Apa yang pemerintah Indonesia ketahui tentang UFO?

Oleh: Nur Agustinus

Pertanyaan ini jika diajukan hari ini pasti banyak orang yang skeptis bahkan mencibir. Tahu apa pemerintah Indonesia tentang fenomena UFO ini? Dengan banyaknya gunjang-ganjing politik di sosial media, orang akan ragu tentang kepedulian pemerintah tentang hal ini. Artinya, banyak yang harus diurusi oleh pemerintah. Jadi, untuk apa mengurusi hal yang tidak ada kejelasannya ini?

Mungkin bila pertanyaan ini diajukan di tahun 1980-an, kita akan mendapatkan petunjuk yang lebih menarik untuk bisa dibuat kesimpulan. Saat itu masalah UFO dibicarakan cukup banyak di majalah-majalah ilmu pengetahuan yang terbit di Indonesia. Sebut saja majalah mekatronika, Aku Tahu, Scientiae, adalah sebagian majalah sains yang sering dalam edisinya membahas soal UFO. Di samping tentunya ada juga majalah lain seperti Selecta, Hai, Senang, Liberty, yang sesekali menampilkan bertita tentang penampakan UFO serta pembahasan tentang hal ini oleh penulis-penulis terkenal di masa lalu.
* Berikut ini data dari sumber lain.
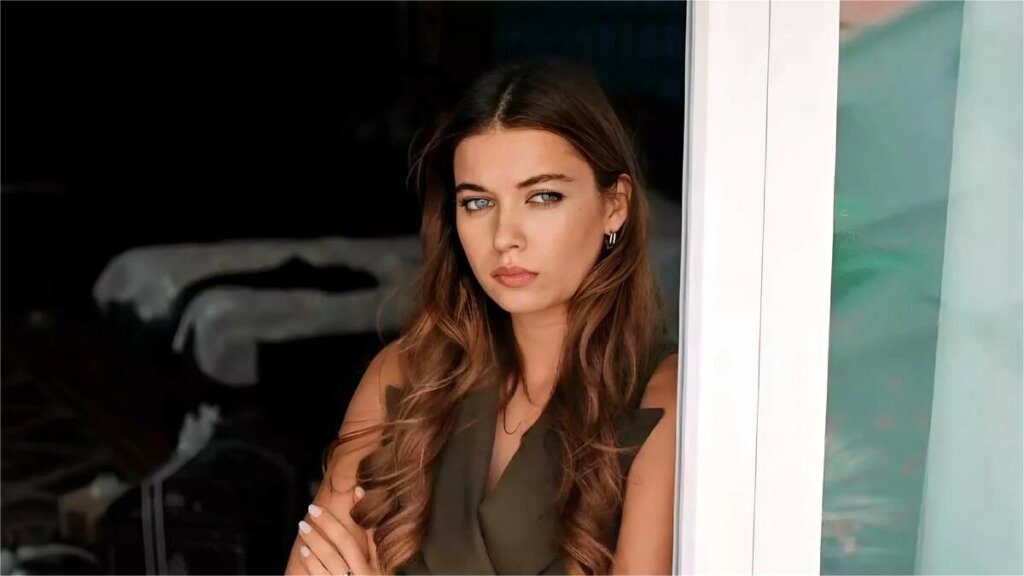 Афра Сарачоглу подтвердила финал «Зимородка» после третьего сезона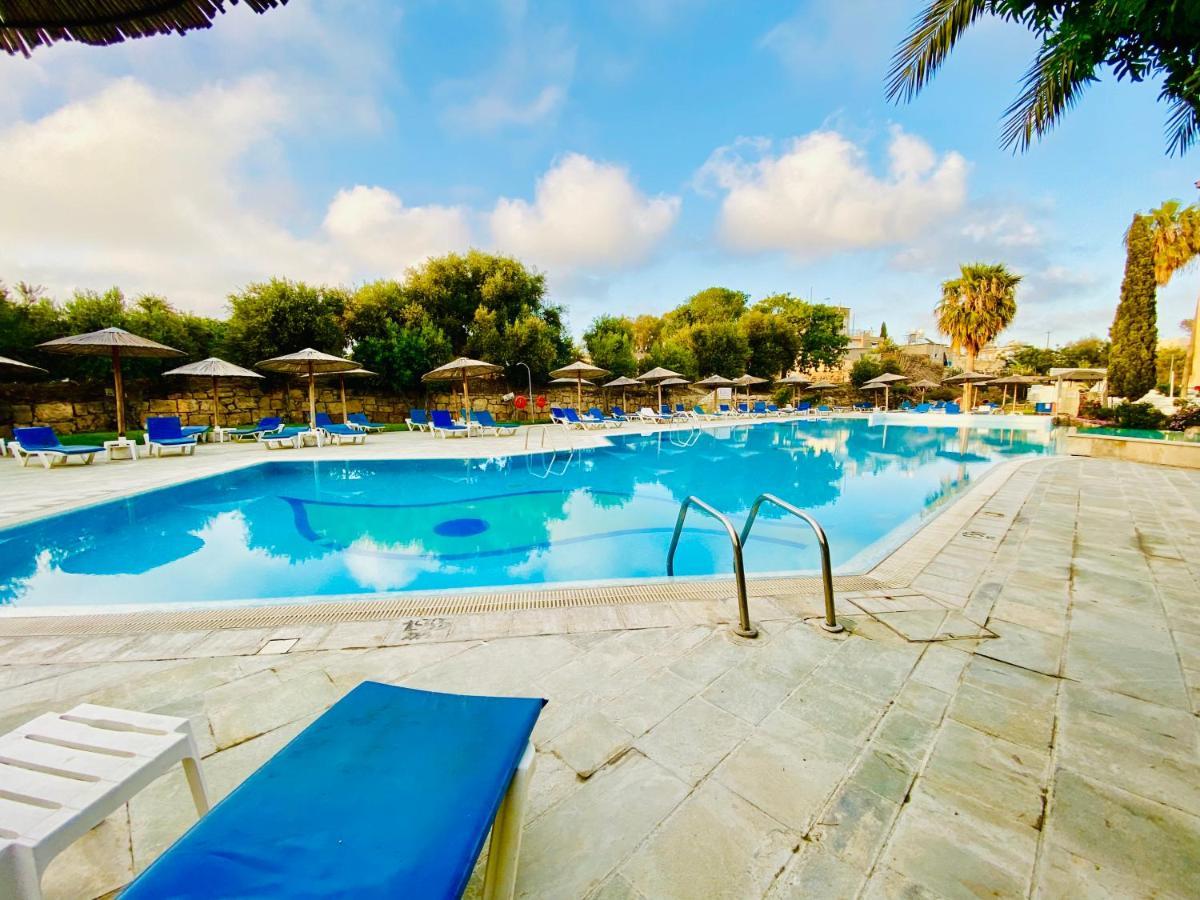Basillica 3 Bedrooms Apartment Paphos Eksteriør billede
Salah satu penulis yang sering membahas soal piring terbang adalah Mpu Wesi Geni (alm).

Akan tetapi, pembahasan tentang UFO tetap saja dilakukan oleh orang-orang awam. Pihak sains yang berkarya di perguruan tinggi bisa dibilang tak ada yang tertarik mengintip masalah ini. Atau mungkin membahasnya di kalangan terbatas yang saling percaya akan adanya UFO tetapi tidak pernah secara terbuka membicarakannya di forum-forum ilmiah. Demikian juga pemerintah kita, hampir tak ada kabar beritanya tentang itu. Ya, di masa lalu, orang umumnya mengkaitkan pelaporan fenomena UFO ini ke LAPAN, yaitu Lembaga Penerbangan dan Antariksa Nasional. LAPAN dianggap seperti NASA-nya Indonesia yang diharapkan bisa menjadi jujukan referensi tentang  UFO saat itu. Memang sangat beralasan. Selain institusi ini adalah Lembaga Pemerintah Non Kementerian Indonesia yang melaksanakan tugas pemerintahan di bidang penelitian dan pengembangan kedirgantaraan dan pemanfaatannya, di awal pendiriannya dan diketuai oleh Bapak Marsekal Muda TNI (purn) J. Salatun (alm), adalah seorang tokoh yang juga dikenal sebagai bapak UFO Indonesia. Hal ini tak lepas dari keseriusan beliau meneliti masalah UFO yang kredibel karena dari militer angkatan udara serta karya-karya buku yang sangat penting menjadi referensi tentang UFO di Indonesia.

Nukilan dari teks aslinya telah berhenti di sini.